Segment Start: Data section
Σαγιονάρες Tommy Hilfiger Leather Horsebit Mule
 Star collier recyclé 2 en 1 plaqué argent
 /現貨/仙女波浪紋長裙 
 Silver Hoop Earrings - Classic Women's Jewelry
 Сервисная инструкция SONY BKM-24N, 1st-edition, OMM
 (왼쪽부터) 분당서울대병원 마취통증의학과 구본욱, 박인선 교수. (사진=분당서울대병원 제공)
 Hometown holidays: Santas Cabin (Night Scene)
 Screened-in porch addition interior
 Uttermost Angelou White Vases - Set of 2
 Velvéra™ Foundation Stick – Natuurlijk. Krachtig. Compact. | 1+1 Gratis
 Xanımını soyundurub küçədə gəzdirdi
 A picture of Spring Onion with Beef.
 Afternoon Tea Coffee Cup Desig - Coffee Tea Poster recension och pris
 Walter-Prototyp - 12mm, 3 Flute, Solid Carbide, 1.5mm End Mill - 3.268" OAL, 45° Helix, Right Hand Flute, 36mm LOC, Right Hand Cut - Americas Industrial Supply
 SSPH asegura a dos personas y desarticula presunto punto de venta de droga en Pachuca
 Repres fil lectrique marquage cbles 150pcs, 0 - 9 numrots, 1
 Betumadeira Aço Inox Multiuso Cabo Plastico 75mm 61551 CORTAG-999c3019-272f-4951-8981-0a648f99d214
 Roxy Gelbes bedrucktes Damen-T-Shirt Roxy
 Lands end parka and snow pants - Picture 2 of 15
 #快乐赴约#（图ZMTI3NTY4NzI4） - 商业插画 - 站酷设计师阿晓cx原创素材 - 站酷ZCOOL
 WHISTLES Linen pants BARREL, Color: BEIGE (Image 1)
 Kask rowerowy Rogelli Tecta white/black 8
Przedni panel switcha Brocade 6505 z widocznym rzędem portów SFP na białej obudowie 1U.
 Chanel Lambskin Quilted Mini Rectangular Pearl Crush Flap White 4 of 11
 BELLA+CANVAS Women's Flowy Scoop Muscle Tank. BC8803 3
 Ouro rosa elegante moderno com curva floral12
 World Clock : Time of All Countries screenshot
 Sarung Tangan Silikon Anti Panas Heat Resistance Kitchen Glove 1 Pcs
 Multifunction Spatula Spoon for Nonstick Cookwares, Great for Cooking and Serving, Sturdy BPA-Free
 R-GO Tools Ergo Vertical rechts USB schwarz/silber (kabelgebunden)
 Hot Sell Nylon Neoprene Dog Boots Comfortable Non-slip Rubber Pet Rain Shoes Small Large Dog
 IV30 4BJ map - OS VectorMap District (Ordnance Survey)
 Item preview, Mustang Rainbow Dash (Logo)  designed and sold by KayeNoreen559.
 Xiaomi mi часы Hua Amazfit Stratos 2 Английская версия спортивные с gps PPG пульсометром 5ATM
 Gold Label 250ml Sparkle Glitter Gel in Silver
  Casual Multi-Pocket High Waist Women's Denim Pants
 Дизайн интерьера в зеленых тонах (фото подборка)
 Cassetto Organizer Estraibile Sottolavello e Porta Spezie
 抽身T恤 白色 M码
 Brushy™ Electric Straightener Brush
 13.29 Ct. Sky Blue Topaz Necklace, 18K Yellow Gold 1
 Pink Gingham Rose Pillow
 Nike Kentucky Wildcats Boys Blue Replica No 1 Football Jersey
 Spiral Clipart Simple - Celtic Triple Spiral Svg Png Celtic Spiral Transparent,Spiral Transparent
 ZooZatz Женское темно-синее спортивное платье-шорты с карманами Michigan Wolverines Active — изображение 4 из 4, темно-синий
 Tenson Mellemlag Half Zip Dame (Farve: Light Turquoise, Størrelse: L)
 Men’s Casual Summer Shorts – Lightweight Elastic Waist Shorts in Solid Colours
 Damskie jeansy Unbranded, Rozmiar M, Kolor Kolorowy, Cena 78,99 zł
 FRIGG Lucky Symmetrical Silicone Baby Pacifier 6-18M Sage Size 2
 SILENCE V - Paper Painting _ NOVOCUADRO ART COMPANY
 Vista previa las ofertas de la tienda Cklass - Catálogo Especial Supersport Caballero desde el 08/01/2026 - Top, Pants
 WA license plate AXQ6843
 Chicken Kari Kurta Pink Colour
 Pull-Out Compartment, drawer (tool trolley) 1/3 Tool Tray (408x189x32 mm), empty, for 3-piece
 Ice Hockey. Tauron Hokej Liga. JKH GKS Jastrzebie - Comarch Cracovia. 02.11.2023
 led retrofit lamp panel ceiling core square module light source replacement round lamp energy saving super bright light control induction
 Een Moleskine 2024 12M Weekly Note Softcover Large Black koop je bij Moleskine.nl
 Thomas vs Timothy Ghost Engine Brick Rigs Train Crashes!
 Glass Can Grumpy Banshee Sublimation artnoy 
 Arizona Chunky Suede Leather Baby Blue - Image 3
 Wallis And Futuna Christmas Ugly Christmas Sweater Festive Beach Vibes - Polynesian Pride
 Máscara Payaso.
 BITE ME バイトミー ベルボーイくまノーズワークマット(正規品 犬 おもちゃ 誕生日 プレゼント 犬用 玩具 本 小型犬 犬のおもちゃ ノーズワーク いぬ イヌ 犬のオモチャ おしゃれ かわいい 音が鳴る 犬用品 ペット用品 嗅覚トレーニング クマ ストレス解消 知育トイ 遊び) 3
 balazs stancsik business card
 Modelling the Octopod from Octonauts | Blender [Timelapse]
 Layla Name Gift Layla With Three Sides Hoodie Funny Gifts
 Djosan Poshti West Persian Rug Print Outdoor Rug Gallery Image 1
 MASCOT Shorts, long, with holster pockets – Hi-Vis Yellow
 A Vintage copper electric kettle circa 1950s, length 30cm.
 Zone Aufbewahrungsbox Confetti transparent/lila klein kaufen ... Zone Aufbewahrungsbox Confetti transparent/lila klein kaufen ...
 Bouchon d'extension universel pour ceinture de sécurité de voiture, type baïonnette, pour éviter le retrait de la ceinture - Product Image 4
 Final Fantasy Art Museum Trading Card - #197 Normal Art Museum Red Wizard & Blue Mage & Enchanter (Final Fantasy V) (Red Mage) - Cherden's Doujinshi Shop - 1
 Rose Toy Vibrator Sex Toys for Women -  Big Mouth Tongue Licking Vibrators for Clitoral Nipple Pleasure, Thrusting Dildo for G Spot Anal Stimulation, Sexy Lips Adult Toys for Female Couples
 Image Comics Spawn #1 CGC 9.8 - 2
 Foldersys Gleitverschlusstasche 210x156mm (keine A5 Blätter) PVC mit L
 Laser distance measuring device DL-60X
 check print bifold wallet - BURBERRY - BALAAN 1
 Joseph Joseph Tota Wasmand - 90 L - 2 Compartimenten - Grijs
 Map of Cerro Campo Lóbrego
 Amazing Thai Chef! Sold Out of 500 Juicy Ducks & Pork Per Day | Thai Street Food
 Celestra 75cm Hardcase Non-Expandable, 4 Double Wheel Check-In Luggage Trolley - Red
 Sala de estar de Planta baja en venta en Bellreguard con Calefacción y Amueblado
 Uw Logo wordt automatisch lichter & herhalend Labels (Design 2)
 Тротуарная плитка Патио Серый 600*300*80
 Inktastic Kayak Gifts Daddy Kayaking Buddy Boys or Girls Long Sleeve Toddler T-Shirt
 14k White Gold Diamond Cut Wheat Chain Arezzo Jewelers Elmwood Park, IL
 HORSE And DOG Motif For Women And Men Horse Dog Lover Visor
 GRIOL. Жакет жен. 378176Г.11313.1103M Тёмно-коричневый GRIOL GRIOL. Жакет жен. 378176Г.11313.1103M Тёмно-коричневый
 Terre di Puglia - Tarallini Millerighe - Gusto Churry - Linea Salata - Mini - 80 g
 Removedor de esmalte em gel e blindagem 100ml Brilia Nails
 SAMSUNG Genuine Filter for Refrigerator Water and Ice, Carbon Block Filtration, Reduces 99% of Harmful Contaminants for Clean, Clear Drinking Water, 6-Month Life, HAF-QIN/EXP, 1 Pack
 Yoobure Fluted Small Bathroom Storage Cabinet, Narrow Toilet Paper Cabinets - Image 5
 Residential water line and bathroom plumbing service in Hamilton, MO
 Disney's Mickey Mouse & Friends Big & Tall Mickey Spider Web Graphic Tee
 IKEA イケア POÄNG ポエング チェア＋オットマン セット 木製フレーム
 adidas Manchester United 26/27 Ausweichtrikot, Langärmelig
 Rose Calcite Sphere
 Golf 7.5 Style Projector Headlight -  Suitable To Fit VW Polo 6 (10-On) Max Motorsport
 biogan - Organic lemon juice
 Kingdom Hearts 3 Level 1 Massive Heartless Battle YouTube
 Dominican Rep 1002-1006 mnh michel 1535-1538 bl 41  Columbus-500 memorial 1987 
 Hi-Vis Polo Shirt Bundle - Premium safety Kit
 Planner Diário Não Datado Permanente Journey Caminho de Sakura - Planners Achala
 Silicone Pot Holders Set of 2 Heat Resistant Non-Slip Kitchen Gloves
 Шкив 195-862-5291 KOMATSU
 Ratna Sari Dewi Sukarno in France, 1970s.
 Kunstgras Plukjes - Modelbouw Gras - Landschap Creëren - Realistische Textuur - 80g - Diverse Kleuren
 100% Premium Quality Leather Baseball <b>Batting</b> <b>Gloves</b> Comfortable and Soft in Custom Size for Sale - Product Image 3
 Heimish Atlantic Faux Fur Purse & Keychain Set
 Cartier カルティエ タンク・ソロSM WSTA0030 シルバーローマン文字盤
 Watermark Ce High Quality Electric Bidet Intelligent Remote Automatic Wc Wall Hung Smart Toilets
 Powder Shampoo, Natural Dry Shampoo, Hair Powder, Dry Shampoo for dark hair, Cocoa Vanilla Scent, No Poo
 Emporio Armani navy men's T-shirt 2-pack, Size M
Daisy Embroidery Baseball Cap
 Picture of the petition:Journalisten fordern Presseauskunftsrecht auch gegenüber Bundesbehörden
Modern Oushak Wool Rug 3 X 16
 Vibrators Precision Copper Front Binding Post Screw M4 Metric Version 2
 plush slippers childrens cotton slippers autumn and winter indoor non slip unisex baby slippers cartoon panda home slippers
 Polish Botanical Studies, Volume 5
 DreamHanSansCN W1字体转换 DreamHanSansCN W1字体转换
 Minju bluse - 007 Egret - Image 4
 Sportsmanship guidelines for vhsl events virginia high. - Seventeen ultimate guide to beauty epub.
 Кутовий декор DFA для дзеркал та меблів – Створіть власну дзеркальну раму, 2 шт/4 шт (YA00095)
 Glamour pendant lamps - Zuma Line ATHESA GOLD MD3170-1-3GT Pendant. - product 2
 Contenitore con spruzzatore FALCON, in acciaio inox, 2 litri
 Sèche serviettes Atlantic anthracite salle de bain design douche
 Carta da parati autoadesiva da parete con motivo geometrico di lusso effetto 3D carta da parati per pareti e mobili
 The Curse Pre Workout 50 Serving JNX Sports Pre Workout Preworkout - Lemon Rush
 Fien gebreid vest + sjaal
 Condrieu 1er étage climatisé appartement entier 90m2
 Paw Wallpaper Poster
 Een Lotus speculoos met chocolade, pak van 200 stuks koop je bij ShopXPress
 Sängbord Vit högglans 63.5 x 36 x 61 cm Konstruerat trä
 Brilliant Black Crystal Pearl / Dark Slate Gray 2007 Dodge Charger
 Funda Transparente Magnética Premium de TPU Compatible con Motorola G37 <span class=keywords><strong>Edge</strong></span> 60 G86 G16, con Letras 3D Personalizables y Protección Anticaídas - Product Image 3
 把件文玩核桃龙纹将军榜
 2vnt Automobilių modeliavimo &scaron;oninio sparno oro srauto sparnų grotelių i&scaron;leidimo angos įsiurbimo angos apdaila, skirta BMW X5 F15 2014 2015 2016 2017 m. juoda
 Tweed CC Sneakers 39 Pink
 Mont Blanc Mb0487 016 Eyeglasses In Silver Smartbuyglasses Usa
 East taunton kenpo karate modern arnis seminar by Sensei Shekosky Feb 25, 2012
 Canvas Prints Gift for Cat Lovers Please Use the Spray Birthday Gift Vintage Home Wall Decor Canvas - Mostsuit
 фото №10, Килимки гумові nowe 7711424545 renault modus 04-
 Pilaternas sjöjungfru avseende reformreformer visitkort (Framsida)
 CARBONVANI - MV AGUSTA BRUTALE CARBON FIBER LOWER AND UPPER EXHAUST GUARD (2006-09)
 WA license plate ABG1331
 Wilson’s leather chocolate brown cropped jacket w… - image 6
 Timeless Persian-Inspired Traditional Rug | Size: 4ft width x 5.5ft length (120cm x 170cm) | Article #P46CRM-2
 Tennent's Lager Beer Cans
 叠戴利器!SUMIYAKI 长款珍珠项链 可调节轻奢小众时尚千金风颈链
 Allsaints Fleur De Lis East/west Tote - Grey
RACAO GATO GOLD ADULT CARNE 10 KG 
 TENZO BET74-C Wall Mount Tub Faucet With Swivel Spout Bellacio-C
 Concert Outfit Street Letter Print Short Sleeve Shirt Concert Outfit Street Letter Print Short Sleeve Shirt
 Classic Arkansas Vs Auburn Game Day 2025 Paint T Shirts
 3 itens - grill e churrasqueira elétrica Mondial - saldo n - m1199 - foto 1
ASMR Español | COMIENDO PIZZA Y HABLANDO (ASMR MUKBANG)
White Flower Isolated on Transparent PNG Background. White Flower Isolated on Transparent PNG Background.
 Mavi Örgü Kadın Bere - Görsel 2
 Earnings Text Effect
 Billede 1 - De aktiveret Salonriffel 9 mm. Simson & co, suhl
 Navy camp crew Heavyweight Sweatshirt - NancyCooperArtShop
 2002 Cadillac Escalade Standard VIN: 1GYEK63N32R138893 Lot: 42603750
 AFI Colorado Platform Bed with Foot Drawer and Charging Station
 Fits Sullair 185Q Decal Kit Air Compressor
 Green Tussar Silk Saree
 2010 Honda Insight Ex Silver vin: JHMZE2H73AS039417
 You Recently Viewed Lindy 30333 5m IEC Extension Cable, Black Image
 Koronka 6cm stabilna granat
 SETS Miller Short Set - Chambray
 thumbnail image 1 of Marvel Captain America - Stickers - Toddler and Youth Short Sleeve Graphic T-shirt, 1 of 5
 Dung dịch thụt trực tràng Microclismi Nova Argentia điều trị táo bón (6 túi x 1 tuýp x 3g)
Segment End: Data section
● **What to do**: Taking the records above, retype every line from the one with "Funda Transparente Magnética" down to the one with "фото №10, Килимки", exactly and with nothing else.

● **Response to the task**:
 Funda Transparente Magnética Premium de TPU Compatible con Motorola G37 <span class=keywords><strong>Edge</strong></span> 60 G86 G16, con Letras 3D Personalizables y Protección Anticaídas - Product Image 3
 把件文玩核桃龙纹将军榜
 2vnt Automobilių modeliavimo &scaron;oninio sparno oro srauto sparnų grotelių i&scaron;leidimo angos įsiurbimo angos apdaila, skirta BMW X5 F15 2014 2015 2016 2017 m. juoda
 Tweed CC Sneakers 39 Pink
 Mont Blanc Mb0487 016 Eyeglasses In Silver Smartbuyglasses Usa
 East taunton kenpo karate modern arnis seminar by Sensei Shekosky Feb 25, 2012
 Canvas Prints Gift for Cat Lovers Please Use the Spray Birthday Gift Vintage Home Wall Decor Canvas - Mostsuit
 фото №10, Килимки гумові nowe 7711424545 renault modus 04-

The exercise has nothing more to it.